II. Exceptions to the Waiver of Immunity
¶ 10 However, this is not the end of our inquiry under the Act. Although immunity has been initially waived for these categories of conduct, the Act expressly exempts a subset of conduct from the waiver of immunity. See id. § 63G–7–301(5). Of importance for our purposes is the Act's provision that “[i]mmunity from suit of each governmental entity is not waived under Subsections (3) and (4) if the injury arises out of, in connection with, or results from: ․ (k) any natural condition on publically owned or controlled lands.” See id. § 63G–7–301(5)(k).

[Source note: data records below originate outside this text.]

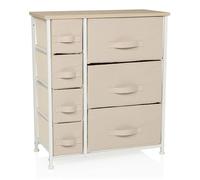hjh LIVING Cómoda con 7 cajones de Tela FOLDRESS B 73x63,5x30 cm Cajonera organizadora, deslizantes de Altura Regulable, Marco de Metal, Beige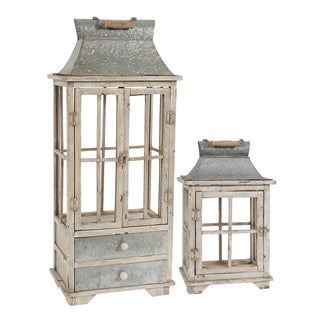 Wooden Candle Lantern Decorative, Hurricane Lantern Holder Decor For Indoor Outdoor, Home Garden Wedding - Ivory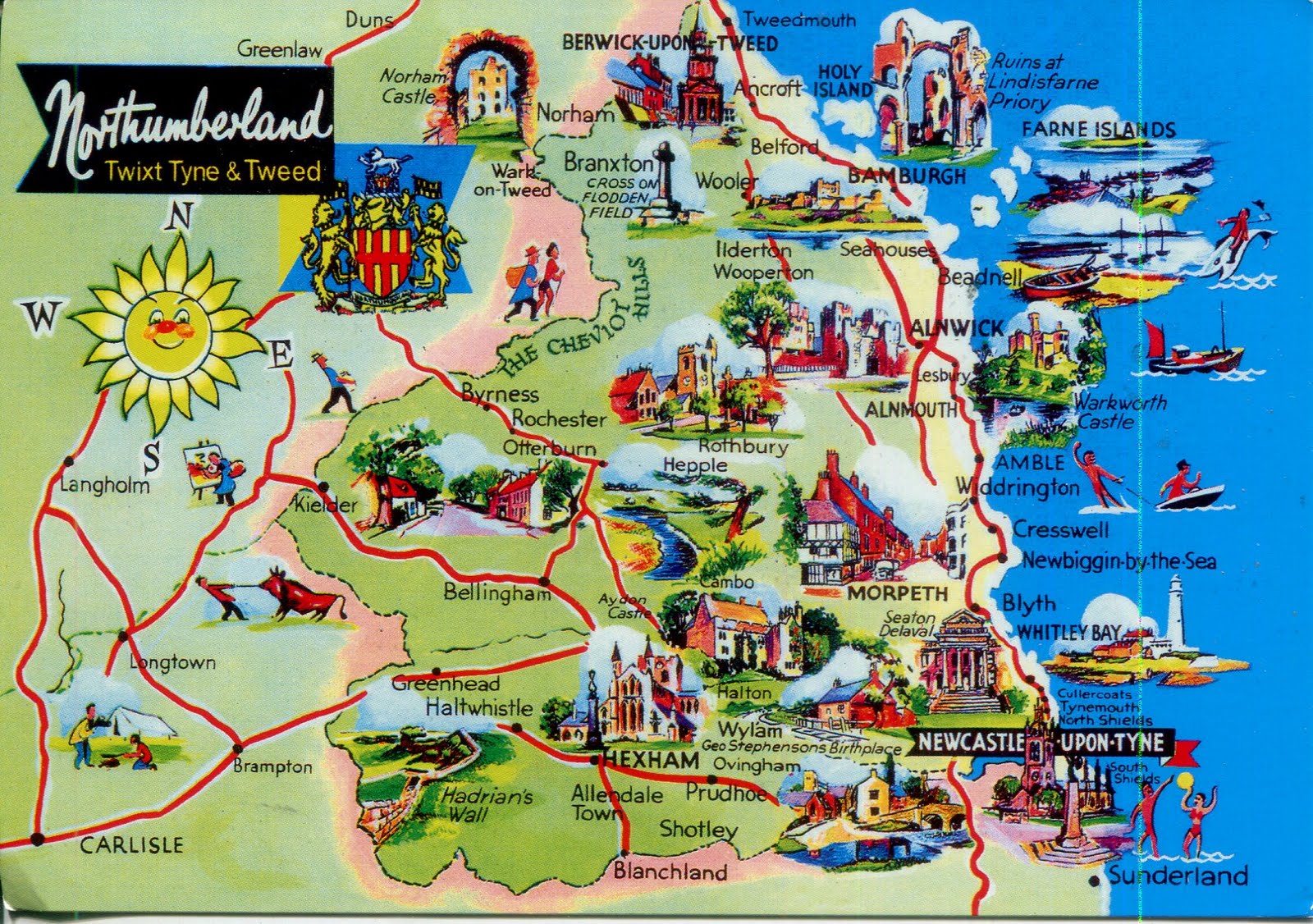 collect ROC GB Postcard Map of Northumberland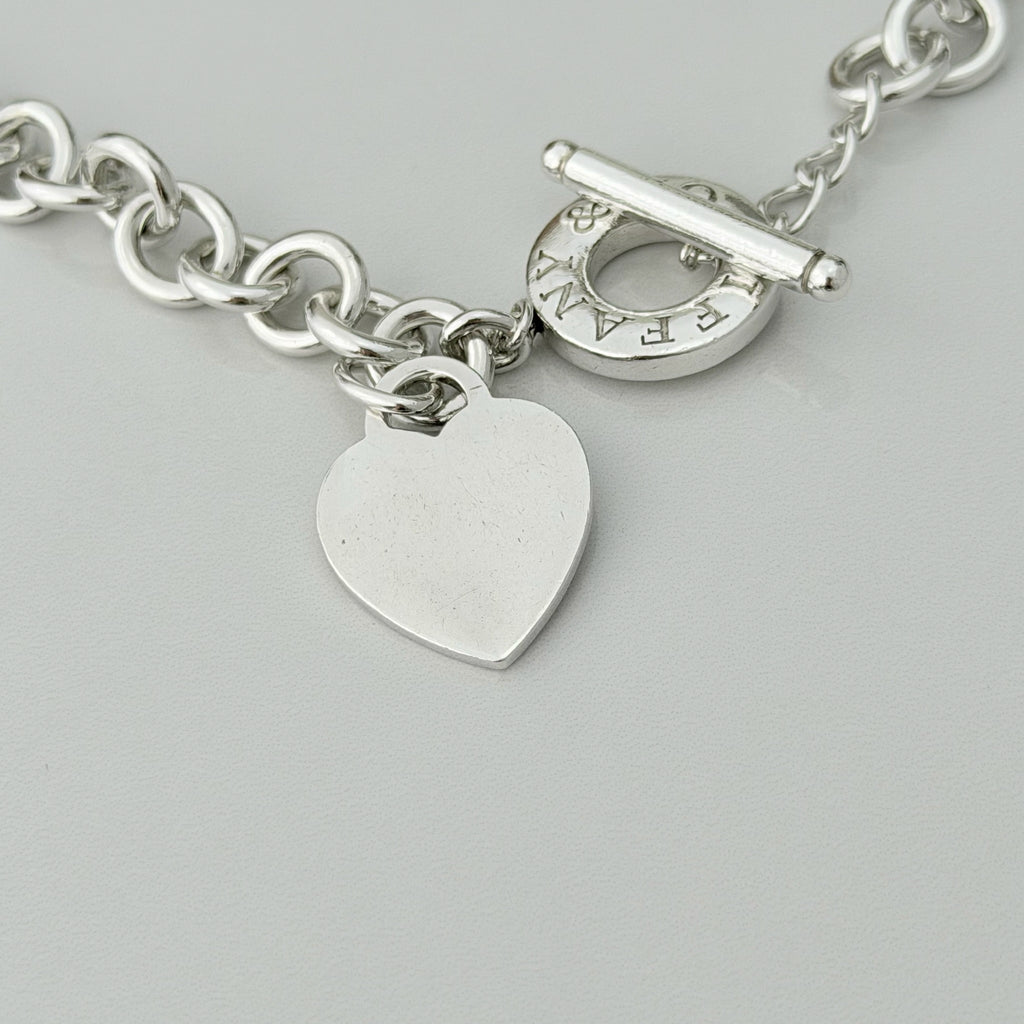 Authentic Vintage Tiffany & Co. Sterling Silver 925 Toggle Heart Pendant Choker Necklace With Pouch 16 inches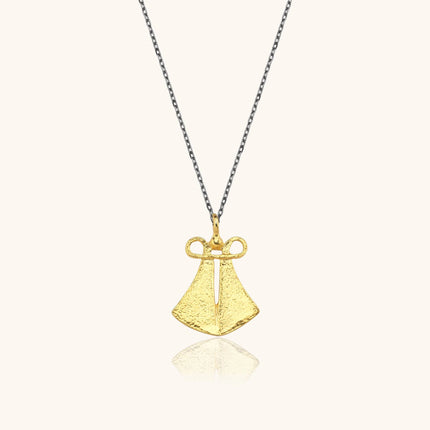 Ancient Cloak Sword Pendant Necklace, 18K Gold-Plated Oxidized Sterling Silver - Dabas Minimalist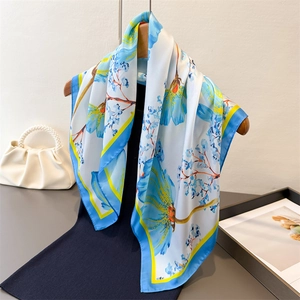 Floral Print Square Scarf Satin Like Satin Neck Kerchief Elegant Lightweight Fashion Headscarf For Women Chic Versatile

¶ 11 As an initial matter, Glaittli contends that the natural condition exception is inapplicable for an injury caused as a result of a defective public improvement because once manmade structures are built on natural land or water, they become “public improvements,” and are no longer “natural conditions.” However, such a reading would misconstrue the plain language of the exception, which clearly indicates that it applies to both subsections (3) and (4). See Utah Code Ann. § 63G–7–301(5)(k) (LexisNexis 2011). Indeed, because subsection (3) waives immunity for injuries caused only by manmade structures, yet is expressly included as limited by the natural condition exception contained in subsection (5), Glaittli's reading would be directly contrary to the plain language of the Act. See id. § 63G–7–301(3)(a)(i) (waiving immunity for injuries caused by defective or dangerous conditions of a “highway, road, street, alley, crosswalk, sidewalk, culvert, tunnel, bridge, viaduct, or other structure located on them”); § 63G–7–301(3)(a)(ii) (waiving immunity for any defective or dangerous condition of a “public building, structure, dam, reservoir, or other public improvement”). Thus, irrespective of whether immunity may have been initially waived under the negligence provision of the Act, see id. § 63G–7–301(4), or the public improvement provision of the Act, see id. § 63G–7–301(3)(a)(ii), the State continues to enjoy immunity if Glaittli's injuries arose out of, occurred in connection with, or resulted from a natural condition. We undertake that analysis now.
¶ 12 Glaittli argues that “the wind that caused the waves that caused the floating dock to ‘heave’ was an ‘atmospheric’ condition, not a ‘natural’ condition of land, within the meaning of the ‘natural condition’ [exception].” We consider two decisions from the Utah Supreme Court instructive to our analysis of this argument: Blackner v. Utah Department of Transportation, 2002 UT 44, 48 P.3d 949, and Grappendorf v. Pleasant Grove City, 2007 UT 84, 173 P.3d 166.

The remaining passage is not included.